- _About this exercise_
Return nothing but the lines from the one with "Yeşilçam’ın usta aktörü" through the one with "245 Poinciana Is" in the data below, word for word and without pictures.

- _Data extract_
########################################

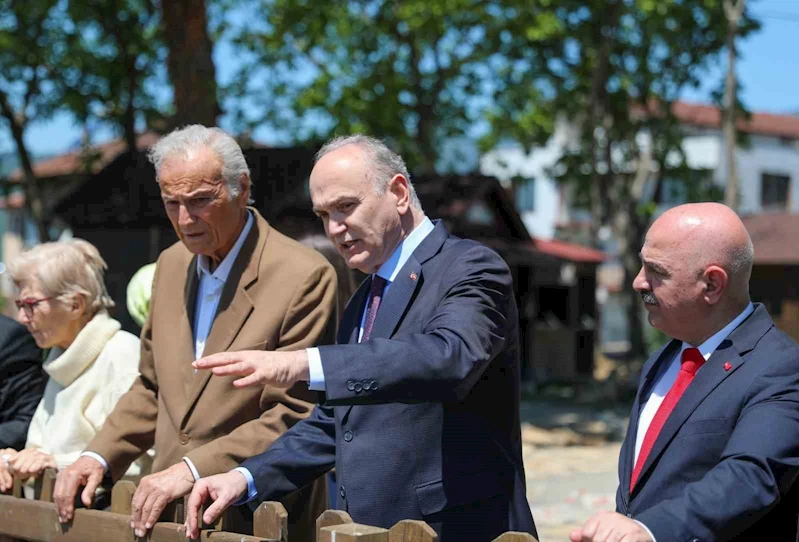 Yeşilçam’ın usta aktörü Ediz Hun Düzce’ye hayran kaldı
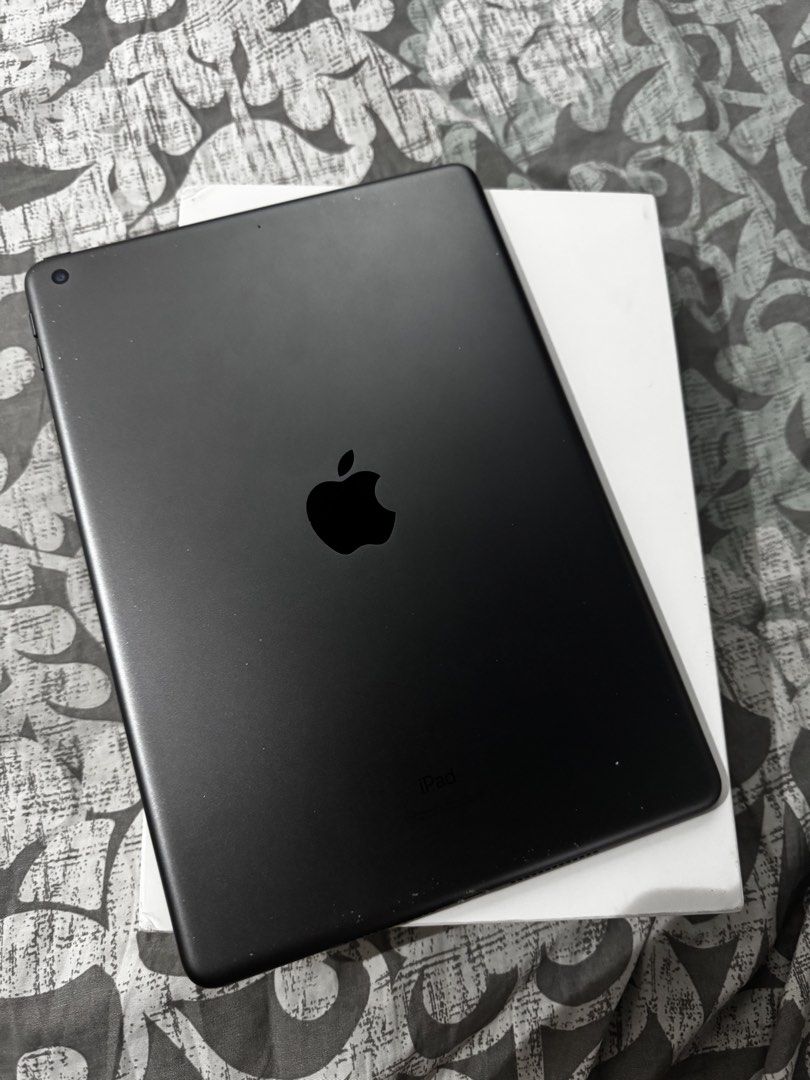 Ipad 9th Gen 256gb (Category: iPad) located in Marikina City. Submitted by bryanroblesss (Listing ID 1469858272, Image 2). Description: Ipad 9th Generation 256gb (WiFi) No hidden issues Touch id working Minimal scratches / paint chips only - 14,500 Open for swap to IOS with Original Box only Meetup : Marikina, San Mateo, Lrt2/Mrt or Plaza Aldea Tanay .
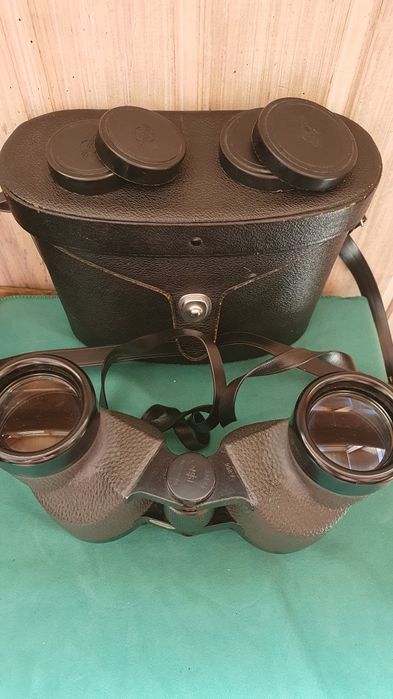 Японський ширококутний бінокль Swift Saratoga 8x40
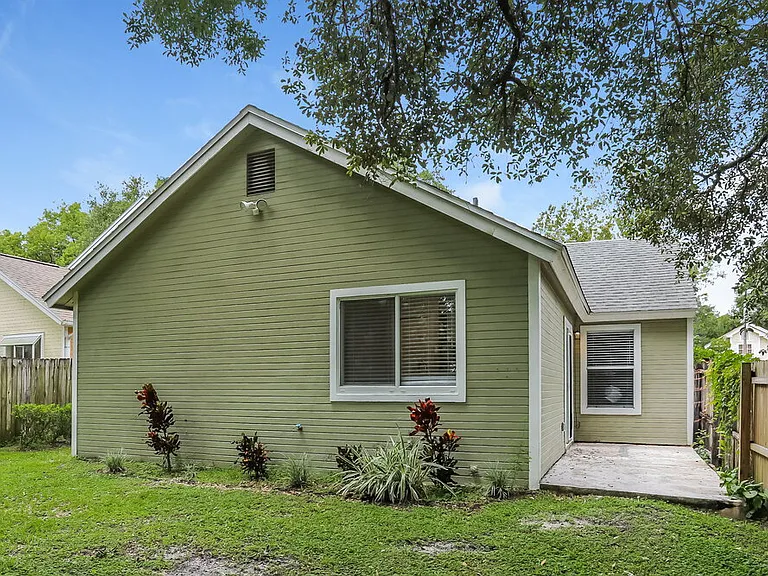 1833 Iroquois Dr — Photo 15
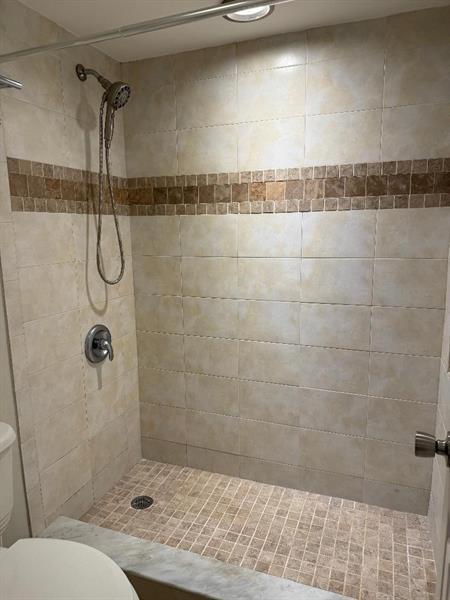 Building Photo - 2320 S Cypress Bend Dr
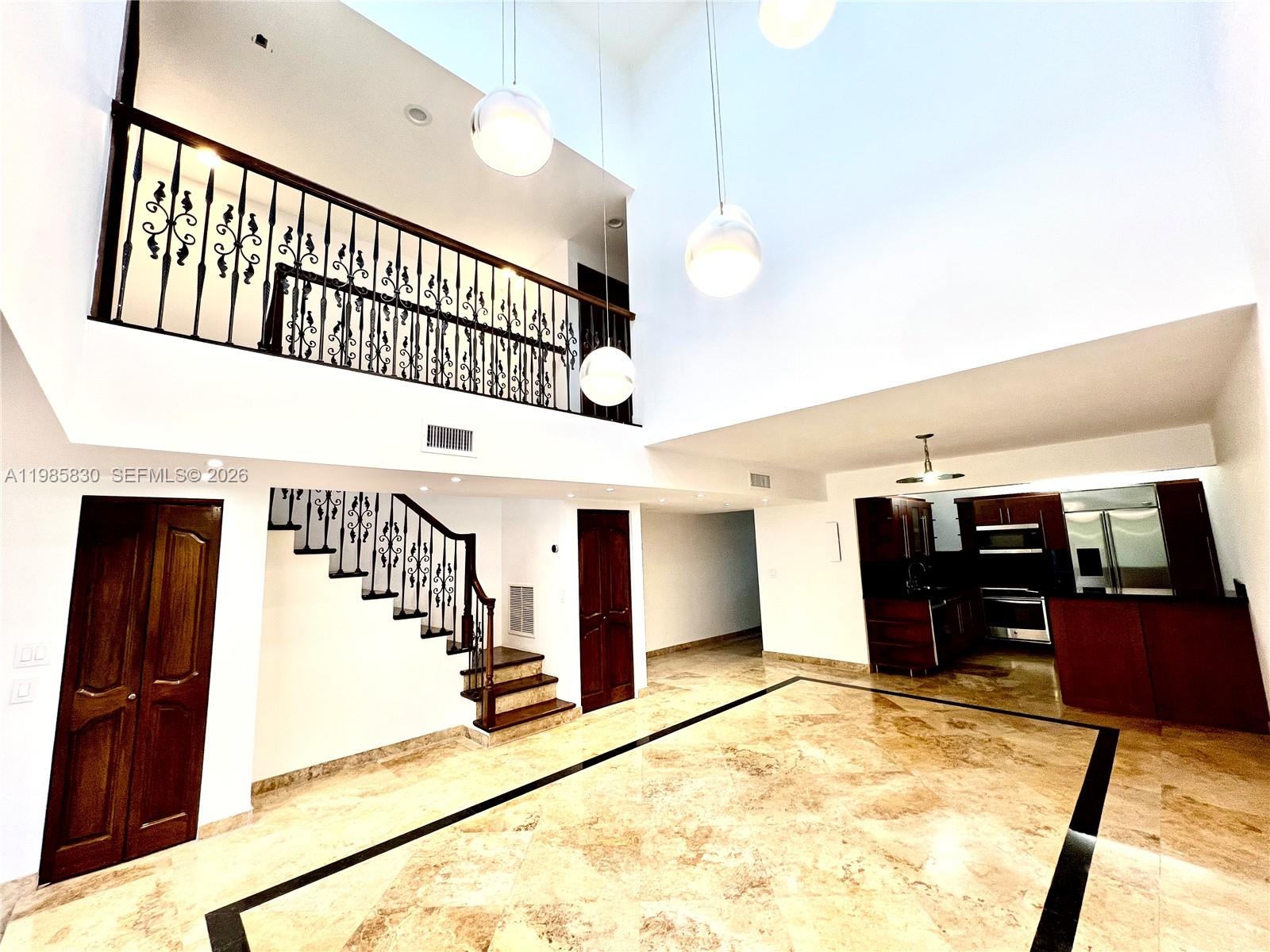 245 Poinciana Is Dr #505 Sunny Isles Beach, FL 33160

########################################

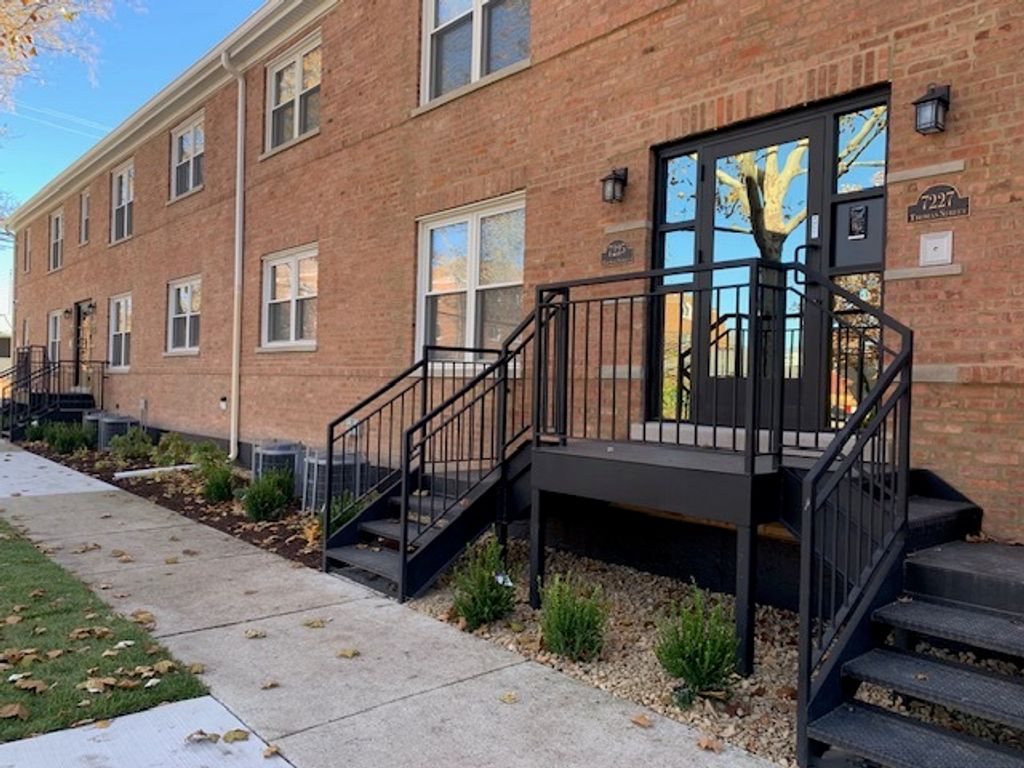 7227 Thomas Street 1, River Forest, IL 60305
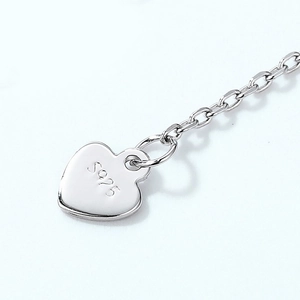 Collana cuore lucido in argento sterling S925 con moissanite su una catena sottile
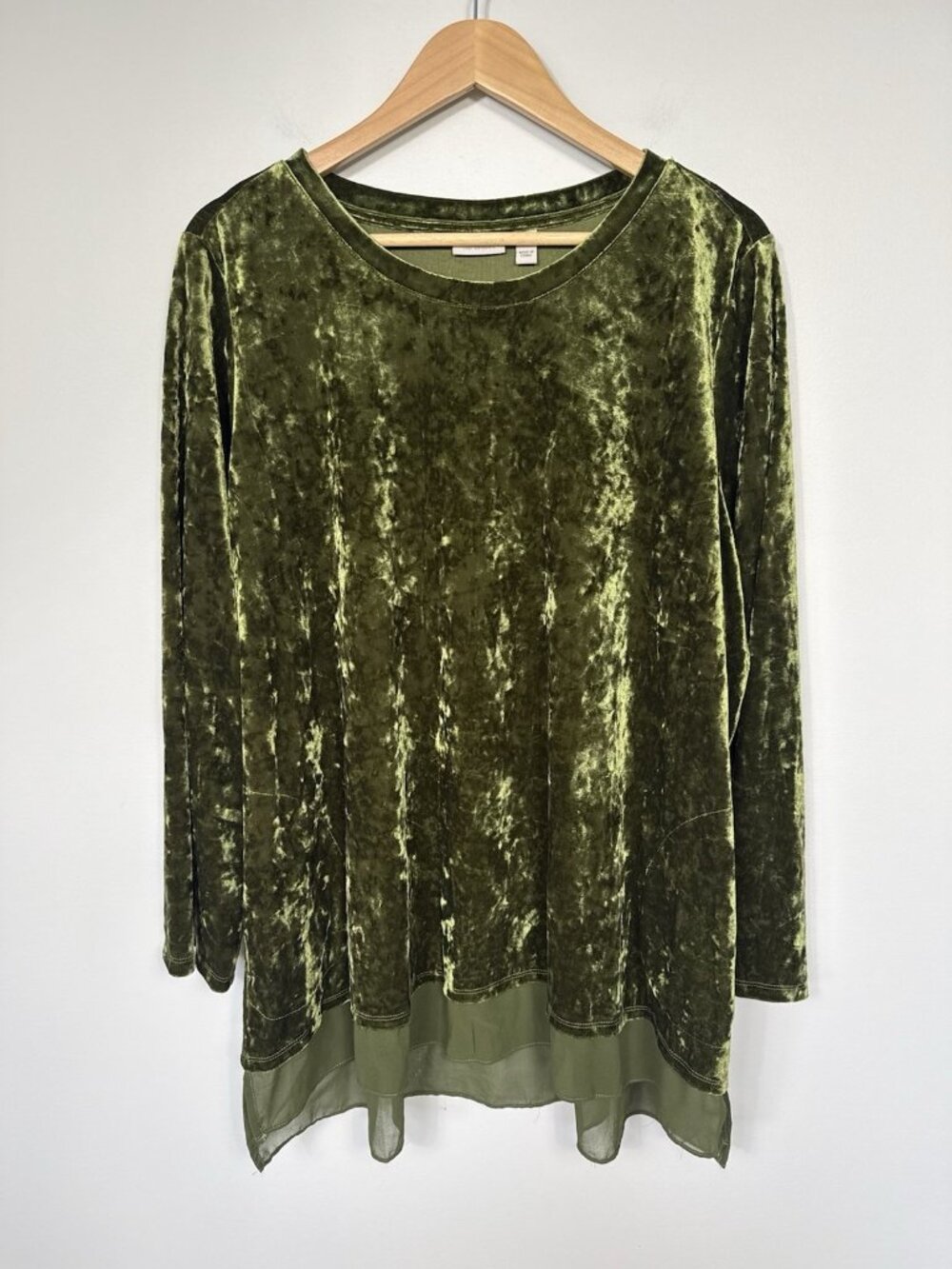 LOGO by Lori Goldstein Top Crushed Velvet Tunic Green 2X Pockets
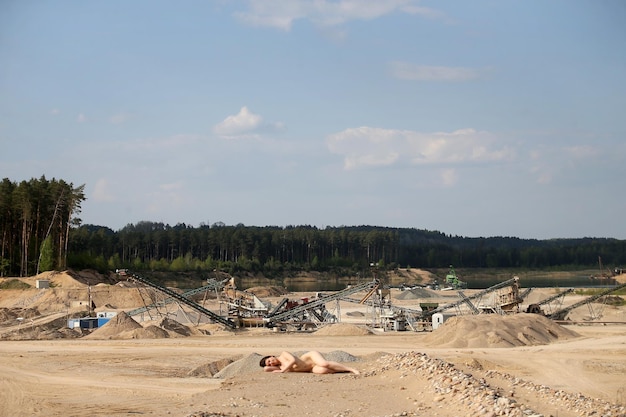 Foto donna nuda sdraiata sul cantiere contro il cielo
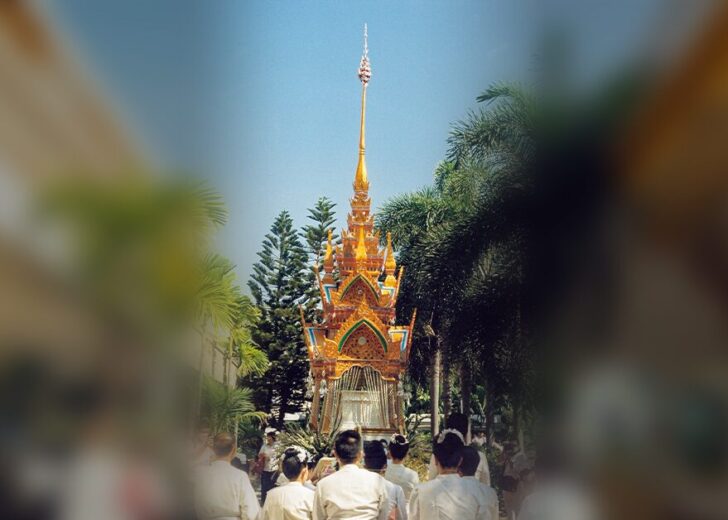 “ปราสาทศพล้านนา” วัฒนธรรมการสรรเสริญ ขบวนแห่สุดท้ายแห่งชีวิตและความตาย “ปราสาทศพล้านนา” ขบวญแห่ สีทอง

########################################

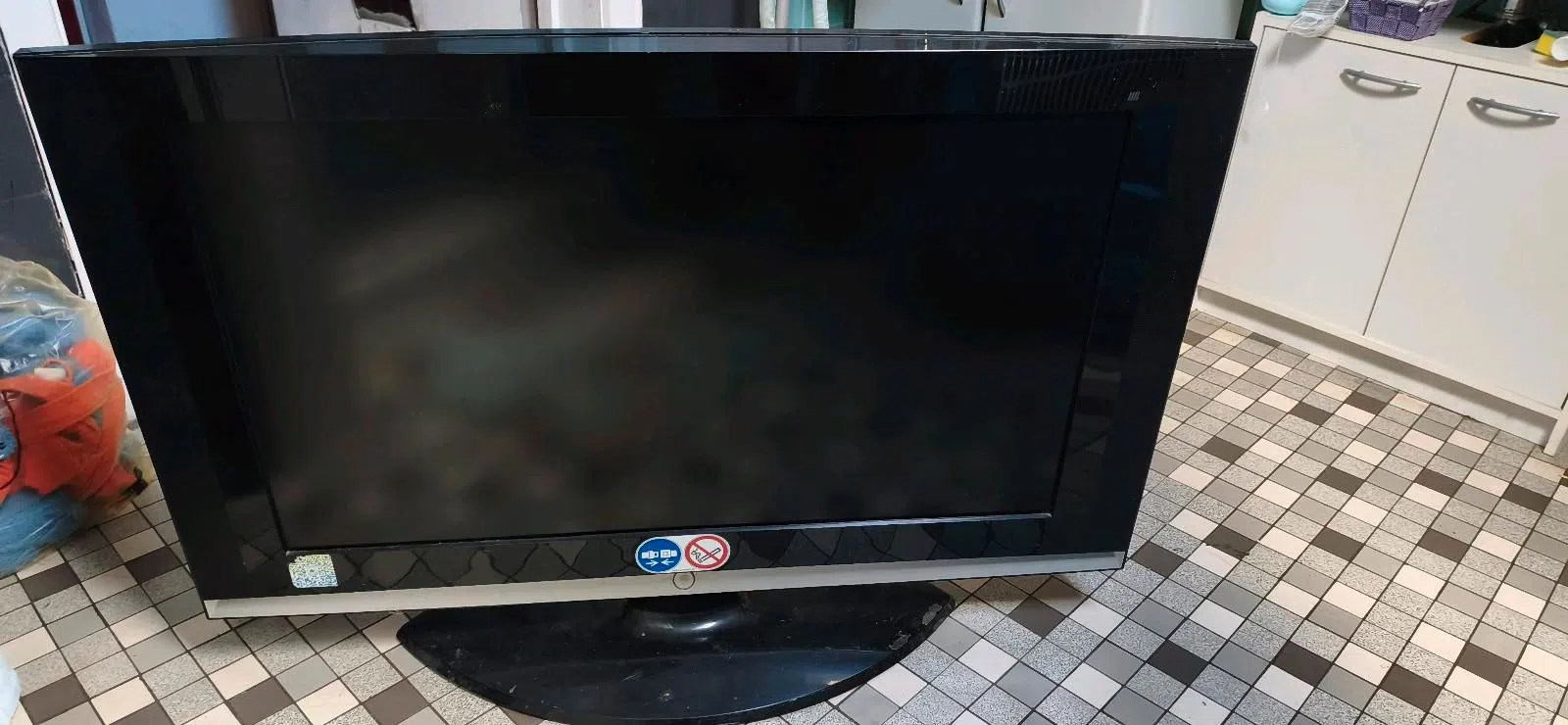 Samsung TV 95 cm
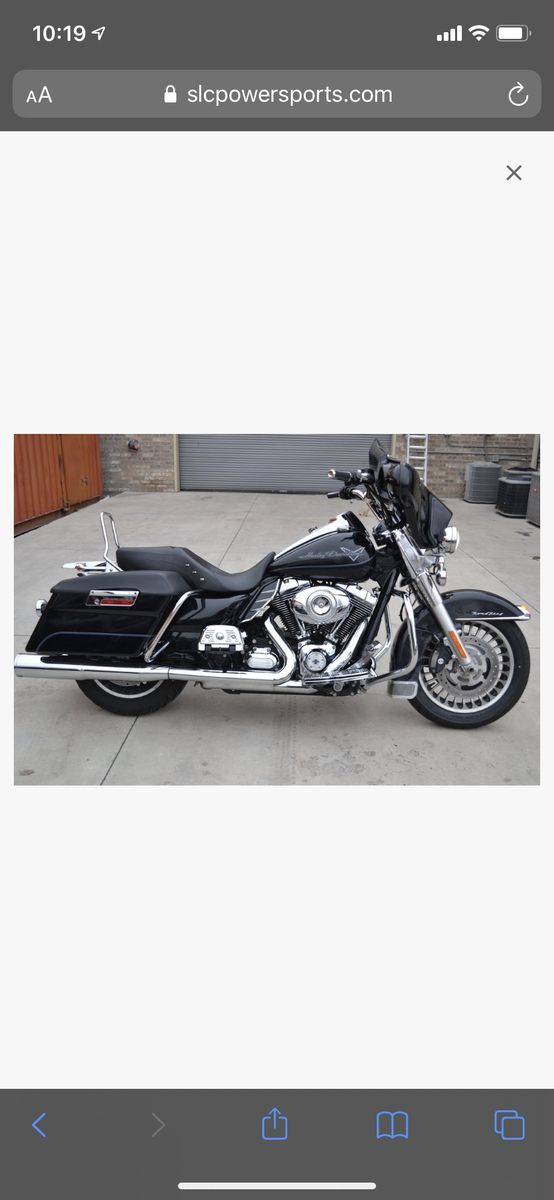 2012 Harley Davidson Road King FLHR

########################################

- _Exercise output_
 Yeşilçam’ın usta aktörü Ediz Hun Düzce’ye hayran kaldı
 Ipad 9th Gen 256gb (Category: iPad) located in Marikina City. Submitted by bryanroblesss (Listing ID 1469858272, Image 2). Description: Ipad 9th Generation 256gb (WiFi) No hidden issues Touch id working Minimal scratches / paint chips only - 14,500 Open for swap to IOS with Original Box only Meetup : Marikina, San Mateo, Lrt2/Mrt or Plaza Aldea Tanay .
 Японський ширококутний бінокль Swift Saratoga 8x40
 1833 Iroquois Dr — Photo 15
 Building Photo - 2320 S Cypress Bend Dr
 245 Poinciana Is Dr #505 Sunny Isles Beach, FL 33160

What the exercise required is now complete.